Dataset excerpts:
++++++++

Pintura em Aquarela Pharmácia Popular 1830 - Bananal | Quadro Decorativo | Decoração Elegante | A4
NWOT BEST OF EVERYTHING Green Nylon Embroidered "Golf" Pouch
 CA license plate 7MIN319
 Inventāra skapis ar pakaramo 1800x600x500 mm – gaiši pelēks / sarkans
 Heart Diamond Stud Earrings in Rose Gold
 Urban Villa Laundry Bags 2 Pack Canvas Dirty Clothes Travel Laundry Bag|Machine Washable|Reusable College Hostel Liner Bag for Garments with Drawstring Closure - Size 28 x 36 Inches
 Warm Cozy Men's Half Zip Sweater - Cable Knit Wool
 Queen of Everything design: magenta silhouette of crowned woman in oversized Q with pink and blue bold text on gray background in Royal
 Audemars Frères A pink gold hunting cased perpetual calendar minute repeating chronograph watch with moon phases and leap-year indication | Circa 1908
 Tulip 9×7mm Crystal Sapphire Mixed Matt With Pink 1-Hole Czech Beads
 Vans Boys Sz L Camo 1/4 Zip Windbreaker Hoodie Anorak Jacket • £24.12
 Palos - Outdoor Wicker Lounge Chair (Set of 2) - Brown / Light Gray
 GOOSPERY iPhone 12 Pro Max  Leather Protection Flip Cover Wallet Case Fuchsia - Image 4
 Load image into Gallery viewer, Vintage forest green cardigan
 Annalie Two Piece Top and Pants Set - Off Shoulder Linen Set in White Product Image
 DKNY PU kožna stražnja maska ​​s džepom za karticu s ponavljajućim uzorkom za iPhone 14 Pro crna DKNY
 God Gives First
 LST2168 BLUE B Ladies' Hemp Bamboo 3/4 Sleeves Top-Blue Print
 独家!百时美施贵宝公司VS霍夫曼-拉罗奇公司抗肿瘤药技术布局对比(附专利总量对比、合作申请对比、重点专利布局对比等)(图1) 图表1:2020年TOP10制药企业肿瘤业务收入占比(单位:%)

++++++++

Your objective: Only the lines from the one that holds "DKNY PU kožna" through the end of the records should appear in the answer, each restated exactly.

Exercise response:
 DKNY PU kožna stražnja maska ​​s džepom za karticu s ponavljajućim uzorkom za iPhone 14 Pro crna DKNY
 God Gives First
 LST2168 BLUE B Ladies' Hemp Bamboo 3/4 Sleeves Top-Blue Print
 独家!百时美施贵宝公司VS霍夫曼-拉罗奇公司抗肿瘤药技术布局对比(附专利总量对比、合作申请对比、重点专利布局对比等)(图1) 图表1:2020年TOP10制药企业肿瘤业务收入占比(单位:%)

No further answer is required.